* _Goal of the exercise_
Please return every line of the records that contains the word "Women".

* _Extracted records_
::::
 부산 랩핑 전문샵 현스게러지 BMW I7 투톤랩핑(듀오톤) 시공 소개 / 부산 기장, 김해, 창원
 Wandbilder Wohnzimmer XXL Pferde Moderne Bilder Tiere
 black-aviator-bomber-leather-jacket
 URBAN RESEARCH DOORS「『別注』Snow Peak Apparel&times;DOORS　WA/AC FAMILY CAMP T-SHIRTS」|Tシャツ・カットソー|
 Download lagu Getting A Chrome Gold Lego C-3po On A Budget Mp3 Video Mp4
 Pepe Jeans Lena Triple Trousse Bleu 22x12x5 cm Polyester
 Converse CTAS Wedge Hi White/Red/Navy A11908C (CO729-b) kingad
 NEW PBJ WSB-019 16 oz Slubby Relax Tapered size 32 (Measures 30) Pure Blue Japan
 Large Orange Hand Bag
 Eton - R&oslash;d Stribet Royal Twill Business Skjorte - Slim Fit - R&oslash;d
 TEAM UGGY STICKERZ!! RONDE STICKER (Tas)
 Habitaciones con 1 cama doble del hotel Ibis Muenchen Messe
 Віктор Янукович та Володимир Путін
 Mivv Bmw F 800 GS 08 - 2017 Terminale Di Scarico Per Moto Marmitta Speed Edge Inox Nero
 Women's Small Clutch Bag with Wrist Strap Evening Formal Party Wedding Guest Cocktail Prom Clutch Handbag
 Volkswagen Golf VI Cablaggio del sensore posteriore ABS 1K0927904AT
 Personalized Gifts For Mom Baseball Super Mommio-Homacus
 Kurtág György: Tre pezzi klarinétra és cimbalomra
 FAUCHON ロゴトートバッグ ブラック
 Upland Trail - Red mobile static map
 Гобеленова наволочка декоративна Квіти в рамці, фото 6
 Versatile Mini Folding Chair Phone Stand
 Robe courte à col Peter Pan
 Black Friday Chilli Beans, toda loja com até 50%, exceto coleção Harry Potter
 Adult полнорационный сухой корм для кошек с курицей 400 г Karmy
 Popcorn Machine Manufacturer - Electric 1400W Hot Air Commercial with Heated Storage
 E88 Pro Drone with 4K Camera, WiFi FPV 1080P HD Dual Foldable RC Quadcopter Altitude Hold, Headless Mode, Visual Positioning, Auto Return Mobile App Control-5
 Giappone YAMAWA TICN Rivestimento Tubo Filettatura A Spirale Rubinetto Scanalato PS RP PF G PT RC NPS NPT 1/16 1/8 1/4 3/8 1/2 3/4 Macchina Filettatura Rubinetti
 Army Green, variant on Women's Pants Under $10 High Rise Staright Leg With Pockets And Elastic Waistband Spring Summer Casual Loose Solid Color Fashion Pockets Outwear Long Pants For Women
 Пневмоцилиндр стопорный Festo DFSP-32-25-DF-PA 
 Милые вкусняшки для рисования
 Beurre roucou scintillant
::::
* _Written solution_
 Women's Small Clutch Bag with Wrist Strap Evening Formal Party Wedding Guest Cocktail Prom Clutch Handbag
 Army Green, variant on Women's Pants Under $10 High Rise Staright Leg With Pockets And Elastic Waistband Spring Summer Casual Loose Solid Color Fashion Pockets Outwear Long Pants For Women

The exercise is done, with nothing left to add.